» **AIM OF THE TASK**
Reprint all of the data below exactly as shown and skip every image.

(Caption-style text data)
──────

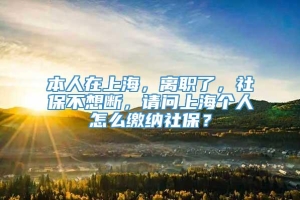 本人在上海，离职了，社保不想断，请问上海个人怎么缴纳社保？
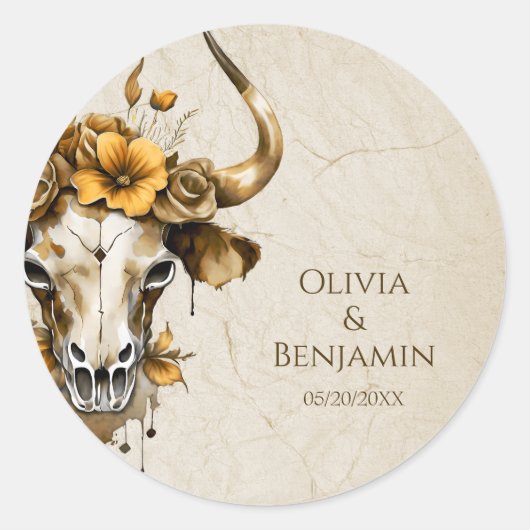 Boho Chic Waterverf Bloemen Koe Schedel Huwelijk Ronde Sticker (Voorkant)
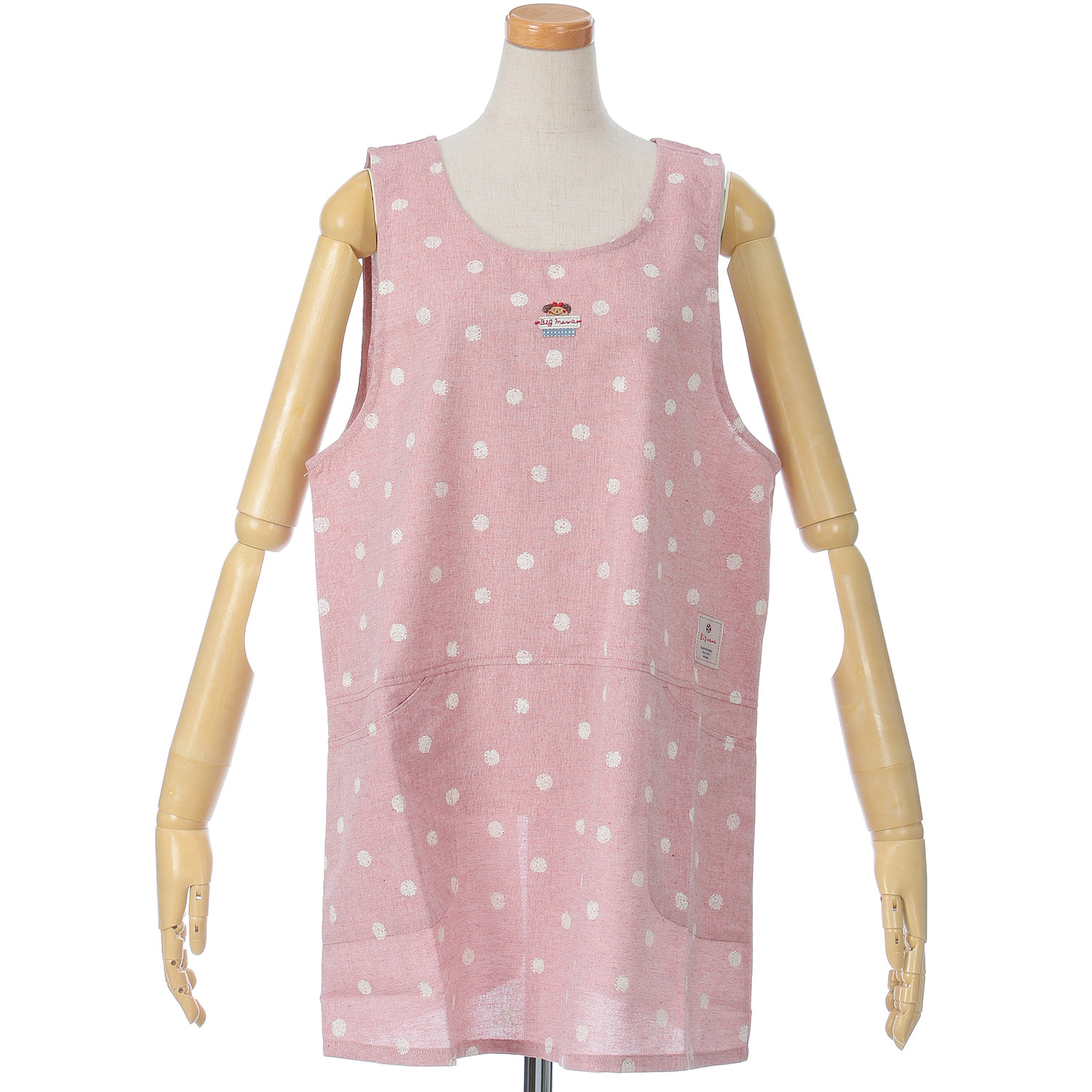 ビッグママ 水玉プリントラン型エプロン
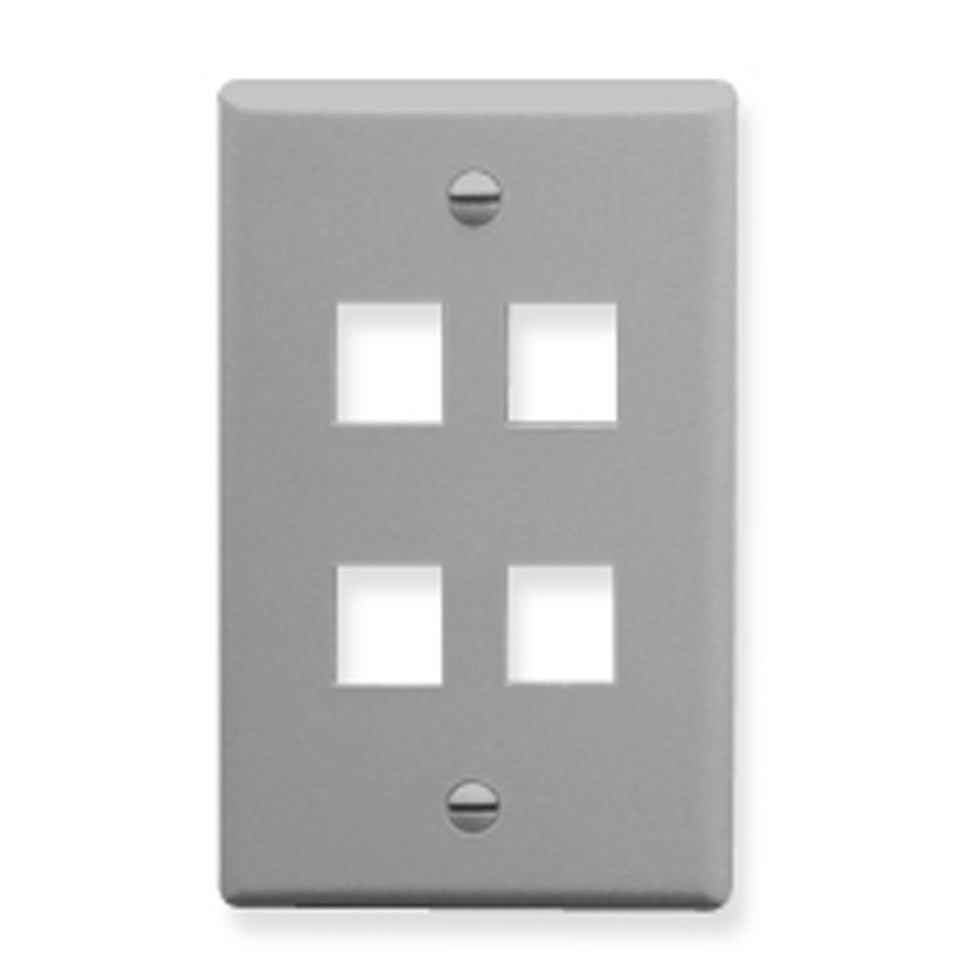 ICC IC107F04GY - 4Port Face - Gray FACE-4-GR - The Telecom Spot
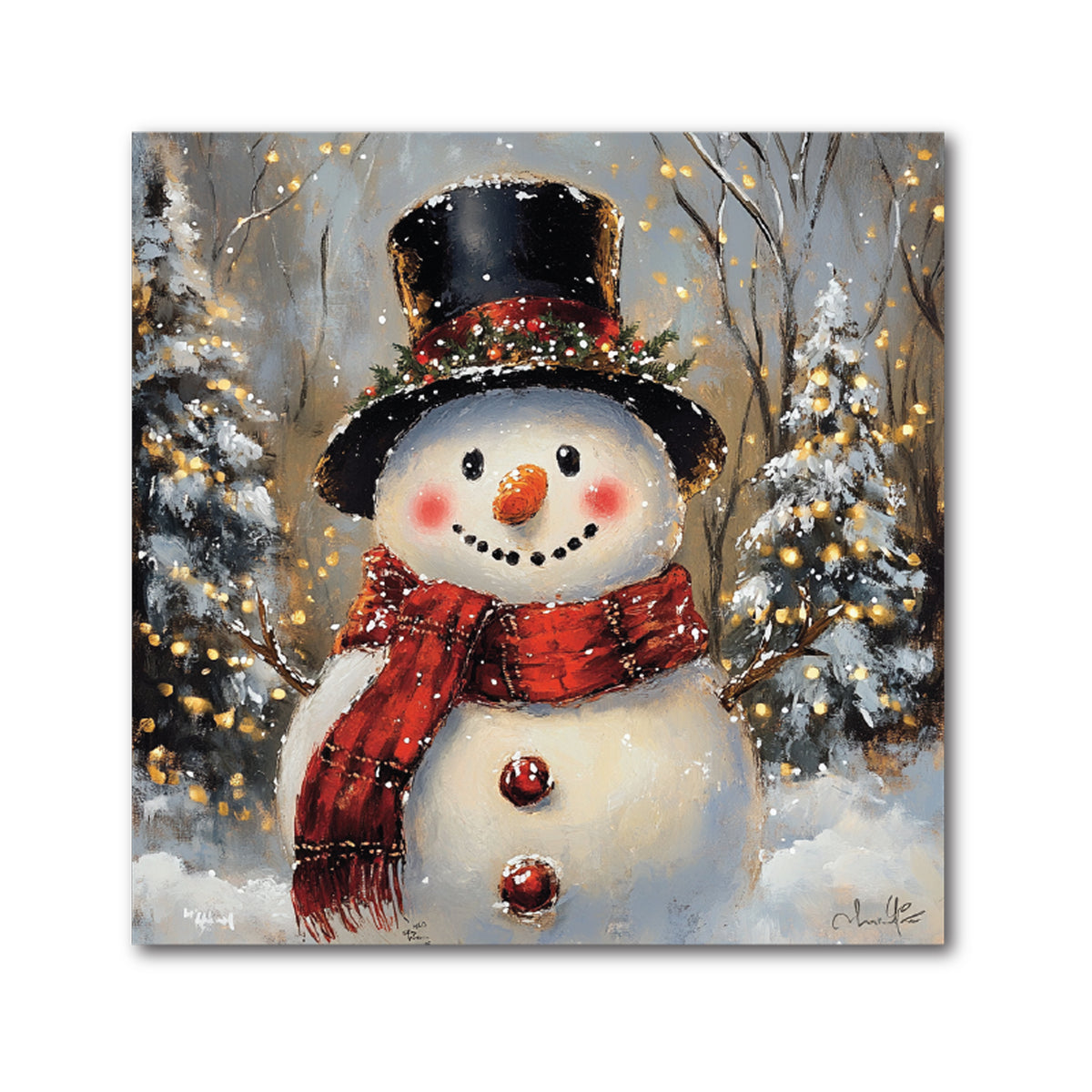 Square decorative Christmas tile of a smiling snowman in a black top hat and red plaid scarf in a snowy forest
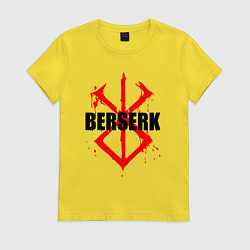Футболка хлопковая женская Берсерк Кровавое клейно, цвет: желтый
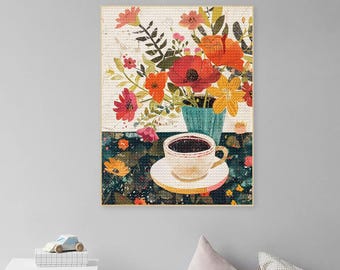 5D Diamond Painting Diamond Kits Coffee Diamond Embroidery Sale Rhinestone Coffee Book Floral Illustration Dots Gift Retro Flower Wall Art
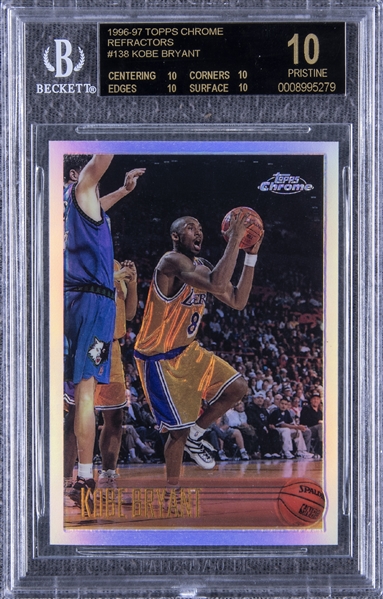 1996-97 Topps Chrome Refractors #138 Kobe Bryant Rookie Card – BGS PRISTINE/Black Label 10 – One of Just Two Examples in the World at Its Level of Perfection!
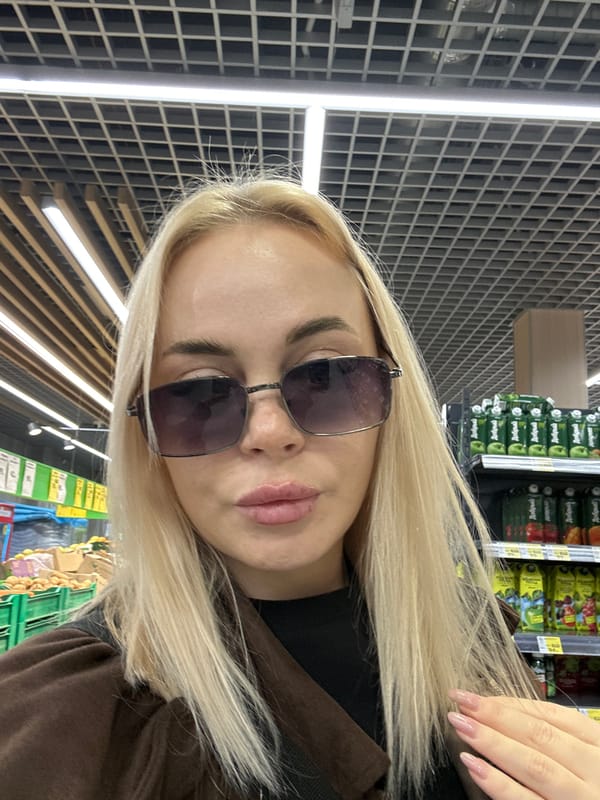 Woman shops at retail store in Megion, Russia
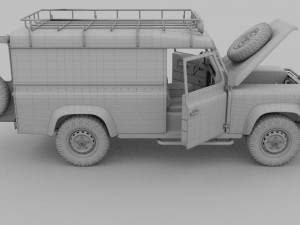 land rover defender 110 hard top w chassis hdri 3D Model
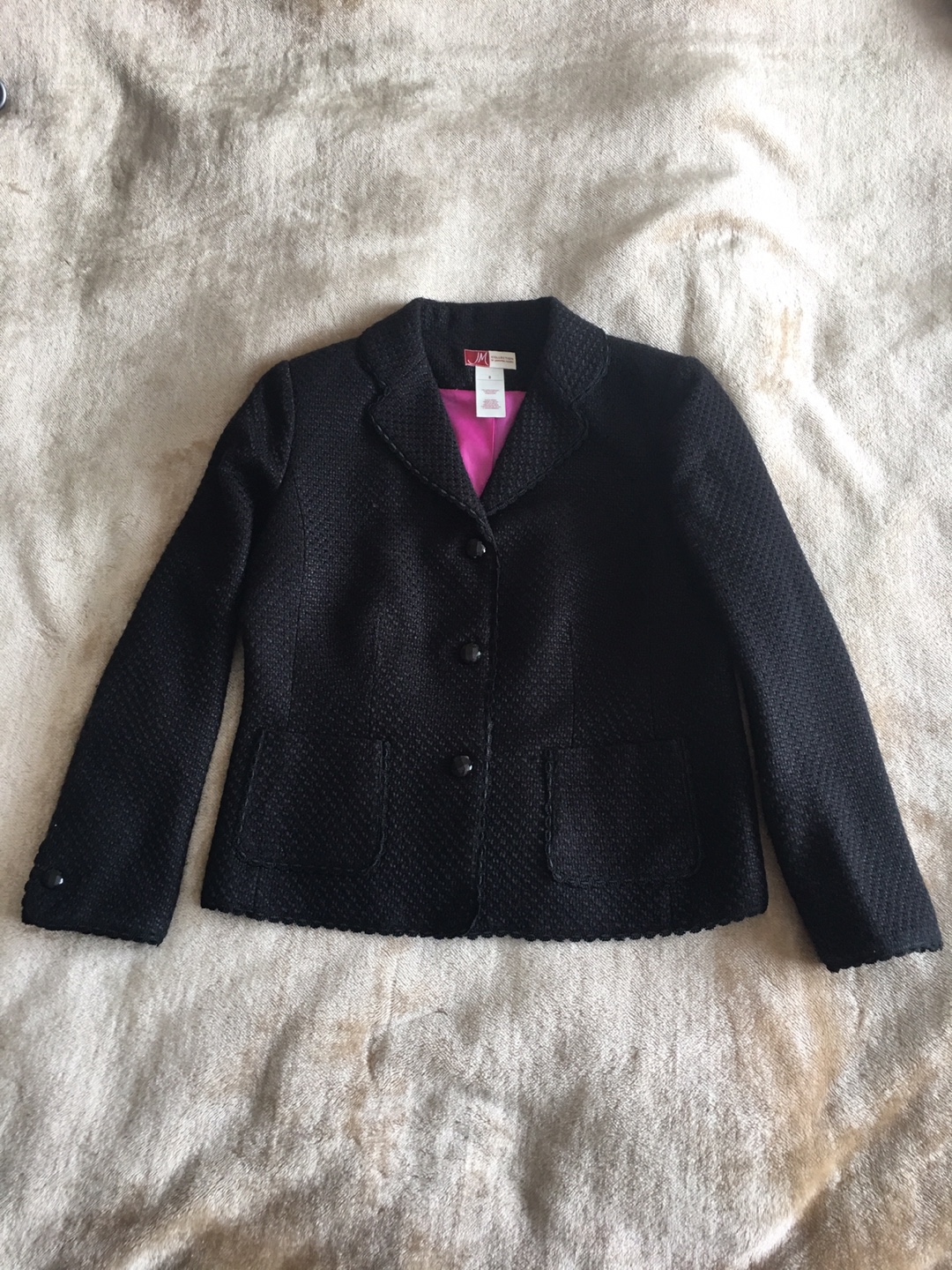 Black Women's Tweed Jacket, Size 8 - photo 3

──────

» **ANSWER TO THIS TASK**
 本人在上海，离职了，社保不想断，请问上海个人怎么缴纳社保？
 Boho Chic Waterverf Bloemen Koe Schedel Huwelijk Ronde Sticker (Voorkant)
 ビッグママ 水玉プリントラン型エプロン
 ICC IC107F04GY - 4Port Face - Gray FACE-4-GR - The Telecom Spot
 Square decorative Christmas tile of a smiling snowman in a black top hat and red plaid scarf in a snowy forest
Футболка хлопковая женская Берсерк Кровавое клейно, цвет: желтый
 5D Diamond Painting Diamond Kits Coffee Diamond Embroidery Sale Rhinestone Coffee Book Floral Illustration Dots Gift Retro Flower Wall Art
 1996-97 Topps Chrome Refractors #138 Kobe Bryant Rookie Card – BGS PRISTINE/Black Label 10 – One of Just Two Examples in the World at Its Level of Perfection!
 Woman shops at retail store in Megion, Russia
 land rover defender 110 hard top w chassis hdri 3D Model
 Black Women's Tweed Jacket, Size 8 - photo 3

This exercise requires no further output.